Uzun bir aradan sonra merhaba. Derslerimden fırsat bulamıyorum yazmağa. Keyifli okumalar.
- ÖMERRR
- SÜSENN
Sarptan
Silah patlamasından sonra duyduğum tek sözler bunlardı. İkisi de yerdeydi. Kimi vurmuştum ben? Süseni kaldırdım. Çok şükür onu vurmamıştım.
Süsenden
Sarp beni kaldırdıktan sonra ona sert bir tokat attım. İçimdeki o canavarı çıkarıp onu dövmeğe başladım. Tekmeliyordum. Yumruk atıyordum. Buna rağmen karşımda sırıtıyordu. Bende dayanamayıp yere düşmüş silahı aldım kafasına vurup bayılttım. Sevgilime döndüm. Yarasının üstünü kapattım. Ömer'i buradan çıkartmama gerekiyordu. Ambulansı aramam lazımdı. Amma nasıl? Bilmiyordum. Ömer'i uyandırmağa çalıştım. Uyuması onun için hiç iyi değildi. Gözlerini açmağa başladı
- Ömer, sevgilim iyi misin?
- Süsen
- Söyle dinliyorum
- İyi misin sen?
- Beni düşünme sen
- Benim seni düşünmediğim an bile yok
- Bak sevgilim seni buradan götürmemiz lazım. Telefon var mı üzerinde? Varsa hemen ver. Ambulansı aramamız lazım.

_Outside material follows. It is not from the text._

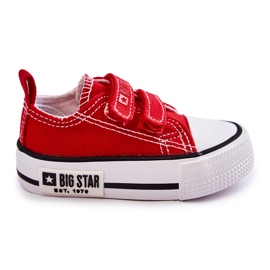Pantofi De Pânză Copii Cu Velcro Big Star KK374082 Roșu roşu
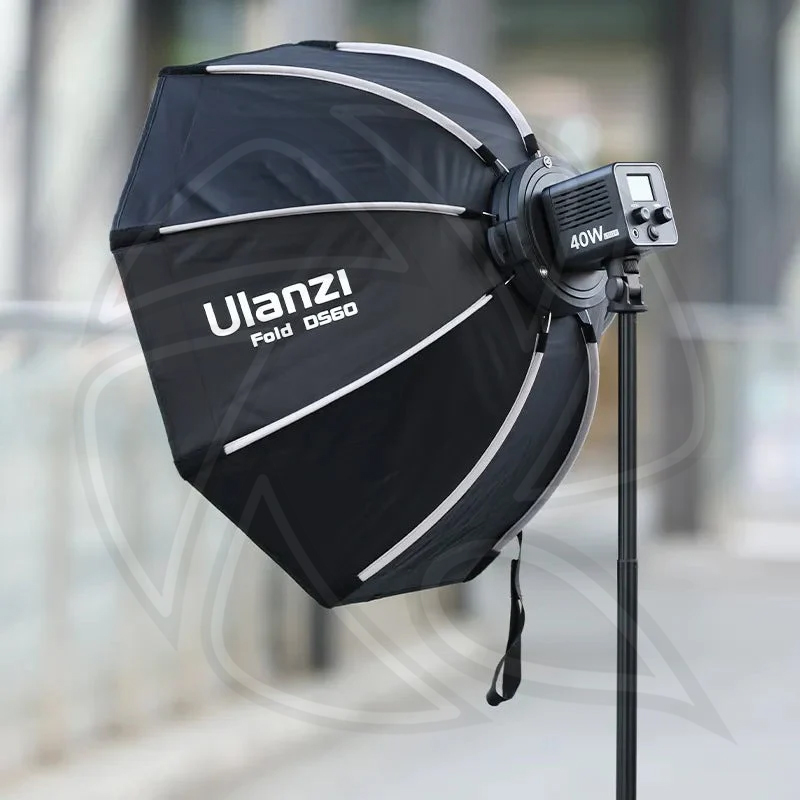 QPS-ULANZI L023 40W Pro Rechargeable Bi-Color COB Light with softbox 40cm &amp;light stand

- Merak etme benim hiç bir şeyim yok
- Ömer bak senin hastanede olman lazım şuan. Beni çok korkutuyorsun
- Korkma ben iğiyim
- Korkmamı istemiyorsan bana telefonunu ver
Ellerini oynatamıyordu bile. Cebini gösteriyordu. Telefonu ararken uzaktan bir ses duydum. Sarpa baktığımda ise ayılmağa başlıyordu. Uzaktan kimse "ÖMER" diye sesleniyordu. Sesler gittikçe yaklaşmağa başlıyordu. Bense "BURADAYIZ" diye bağırdım.
Oğulcan'dan
Duyduğum sesle koşmağa başladım. Ömer'i yerde görünce hemen yanına gittim.
- ÖMERİMMM
- Ne bağırıyorsun ya?
- Ne bu halin senin?
- Sevgilim için gerekirsen bin kez daha bu hale düşerim
- BAŞLARIM SENİN AŞKINA.
- Bağırıp sevgilimi korkutma
- Tamam be
Ömer'in yanında ağlayan kıza baktım. Ağlamaktan gözleri şişmişti.
- Sakin ol. Ona hiç bir şey olmayacak.
- Ben çok korkuyorum
Gözleriyle bana yerde yatan birini gösterdi.
- Tamam merak etme hal edeceğiz. Önce Ömer'i çıkaralım buradan.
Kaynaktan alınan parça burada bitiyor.